我正在尝试使用 Beautiful Soup 来完成此任务,我的目标基本上是
get_text()
函数的输出,除了保留 href
完好无损的锚标记。
举个例子,我想转换:
<td>
<font><span>Hello</span><span>World</span></font><br>
<span>Foo Bar <span>Baz</span></span><br>
<span>Example Link: <a href="https://google.com" target="_blank" style="mso-line-height-rule: exactly;-ms-text-size-adjust: 100%;-webkit-text-size-adjust: 100%;color: #395c99;font-weight: normal;text-decoration: underline;">Google</a></span>
</td>
进入:
Hello World
Foo Bar Baz
Example Link: <a href="https://google.com">Google</a>
到目前为止,我的思考过程是简单地获取所有标签,如果它们不是锚点,则将它们全部展开,但这会导致文本重复多次,因为
soup.find_all(True)
将递归嵌套的标签作为单独的元素返回:
#!/usr/bin/env python
from bs4 import BeautifulSoup
example_html = '<td><font><span>Hello</span><span>World</span></font><br><span>Foo Bar <span>Baz</span></span><br><span>Example Link: <a href="https://google.com" target="_blank" style="mso-line-height-rule: exactly;-ms-text-size-adjust: 100%;-webkit-text-size-adjust: 100%;color: #395c99;font-weight: normal;text-decoration: underline;">Google</a></span></td>'
soup = BeautifulSoup(example_html, 'lxml')
tags = soup.find_all(True)
for tag in tags:
if (tag.name == 'a'):
print("<a href='{}'>{}</a>".format(tag['href'], tag.get_text()))
else:
print(tag.get_text())
当解析器沿着树向下移动时,它会返回多个片段/重复项:
HelloWorldFoo Bar BazExample Link: Google
HelloWorldFoo Bar BazExample Link: Google
HelloWorldFoo Bar BazExample Link: Google
HelloWorld
Hello
World
Foo Bar Baz
Baz
Example Link: Google
<a href='https://google.com'>Google</a>
解决此问题的可能方法之一是在打印元素文本时对
a
元素引入一些特殊处理。
您可以通过重写
_all_strings()
方法并返回 a
后代元素的字符串表示形式并跳过 a
元素内的可导航字符串来完成此操作。

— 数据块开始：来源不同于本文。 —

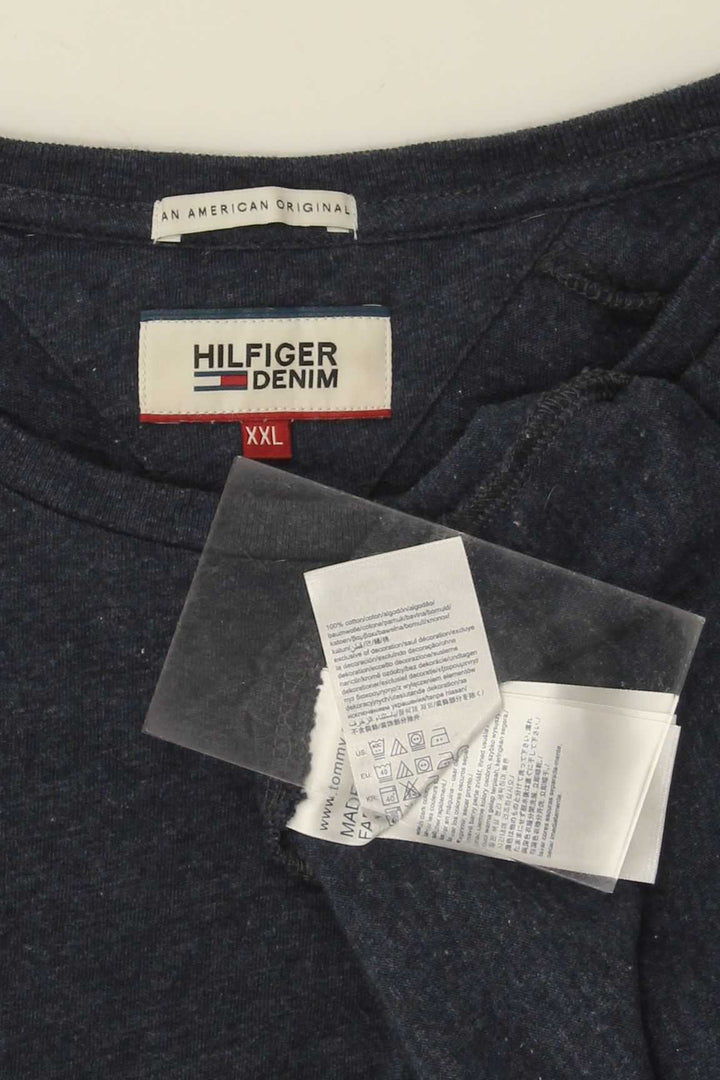Top masculino TOMMY HILFIGER manga comprida 2XL algodão azul marinho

沿着这些思路:
from bs4 import BeautifulSoup, NavigableString, CData, Tag
class MyBeautifulSoup(BeautifulSoup):
def _all_strings(self, strip=False, types=(NavigableString, CData)):
for descendant in self.descendants:
# return "a" string representation if we encounter it
if isinstance(descendant, Tag) and descendant.name == 'a':
yield str(descendant)
# skip an inner text node inside "a"
if isinstance(descendant, NavigableString) and descendant.parent.name == 'a':
continue
# default behavior
if (
(types is None and not isinstance(descendant, NavigableString))
or
(types is not None and type(descendant) not in types)):
continue
if strip:
descendant = descendant.strip()
if len(descendant) == 0:
continue
yield descendant
演示:
In [1]: data = """
...: <td>
...: <font><span>Hello</span><span>World</span></font><br>
...: <span>Foo Bar <span>Baz</span></span><br>
...: <span>Example Link: <a href="https://google.com" target="_blank" style="mso-line-height-rule: exactly;-ms-text-size-adjust: 100%;-webkit-text-size-adjust: 100%;color: #395c99;font-weight: normal;tex
...: t-decoration: underline;">Google</a></span>
...: </td>
...: """
In [2]: soup = MyBeautifulSoup(data, "lxml")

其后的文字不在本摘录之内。